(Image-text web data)
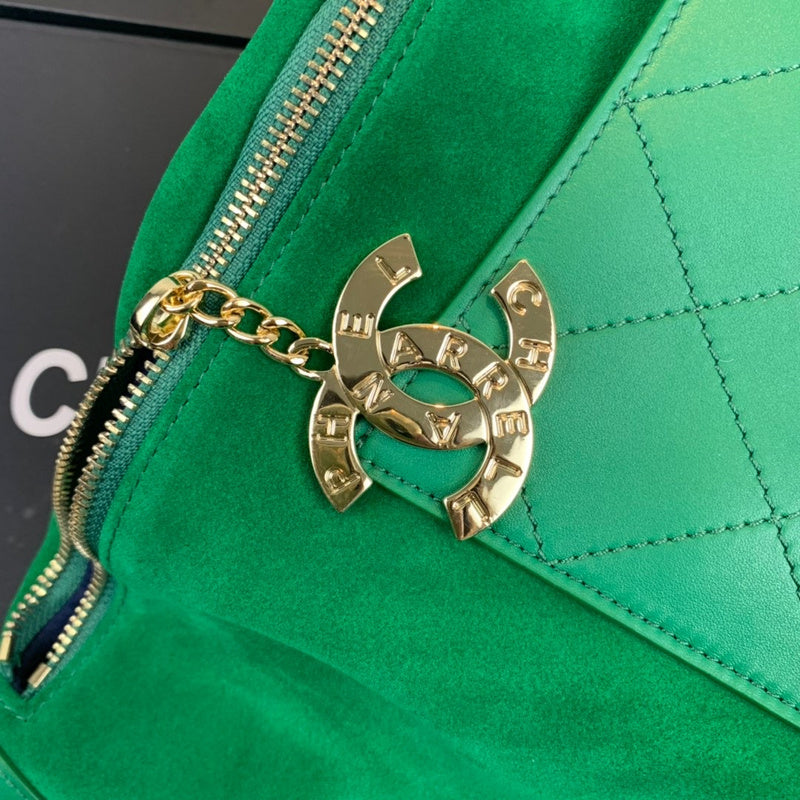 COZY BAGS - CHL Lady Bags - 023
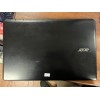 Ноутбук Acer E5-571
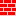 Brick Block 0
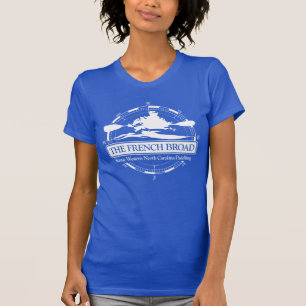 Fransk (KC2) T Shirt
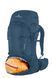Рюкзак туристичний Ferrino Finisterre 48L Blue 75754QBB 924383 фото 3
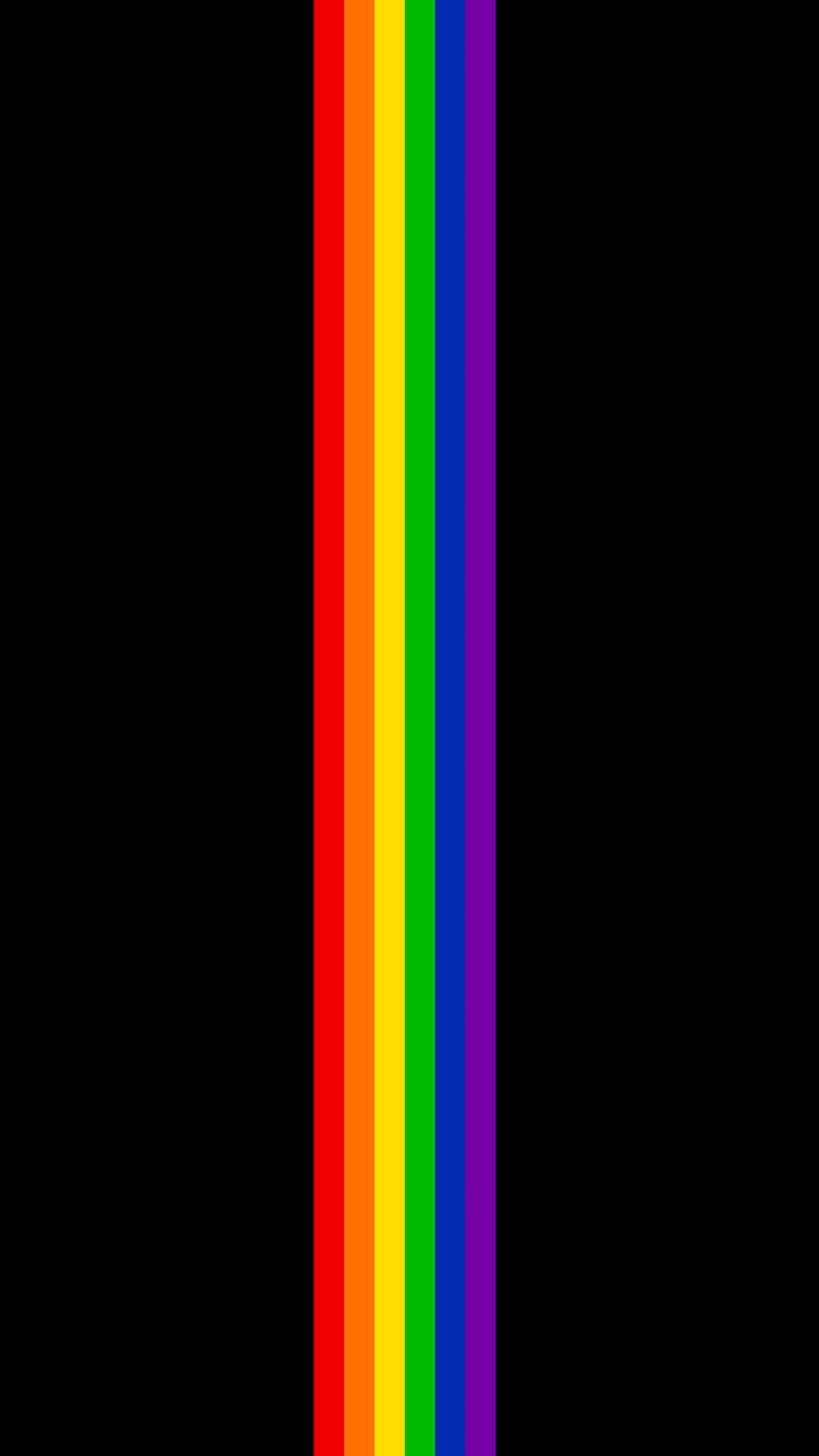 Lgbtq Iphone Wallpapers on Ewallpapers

> [YOUR TASK]
Return exactly the lines from the one containing "Fransk (KC2) T Shirt" through the end of the records, leaving out every picture.

> [OUTPUT OF THE TASK]
 Fransk (KC2) T Shirt
Рюкзак туристичний Ferrino Finisterre 48L Blue 75754QBB 924383 фото 3
 Lgbtq Iphone Wallpapers on Ewallpapers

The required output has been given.